▸ HOW TO COMPLETE THIS TASK: Please reproduce the listing in its entirety, exactly as written, but without images.

▸ DATASET SECTION:
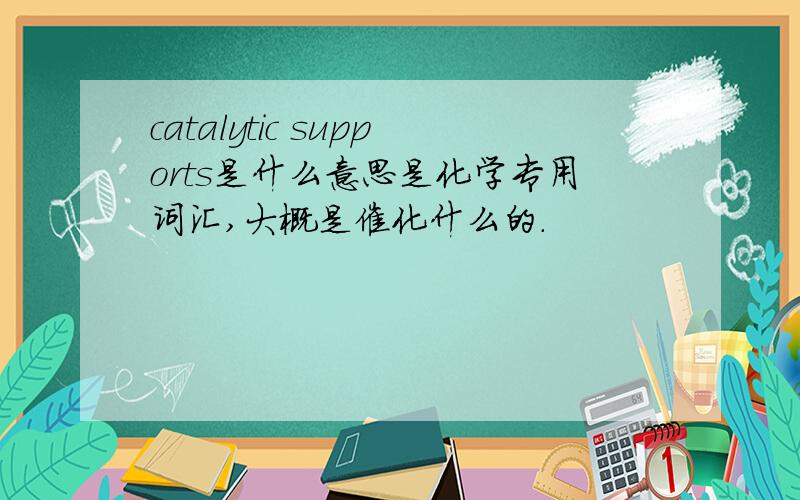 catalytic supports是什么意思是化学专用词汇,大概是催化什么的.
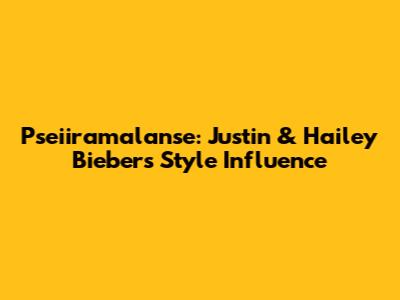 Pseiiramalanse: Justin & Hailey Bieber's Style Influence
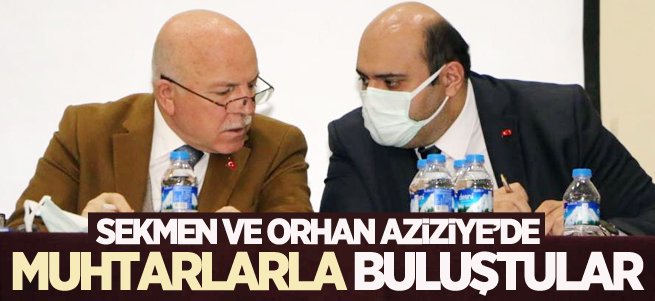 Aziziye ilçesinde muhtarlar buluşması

▸ SOLUTION TO THIS TASK:
 catalytic supports是什么意思是化学专用词汇,大概是催化什么的.
 Pseiiramalanse: Justin & Hailey Bieber's Style Influence
 Aziziye ilçesinde muhtarlar buluşması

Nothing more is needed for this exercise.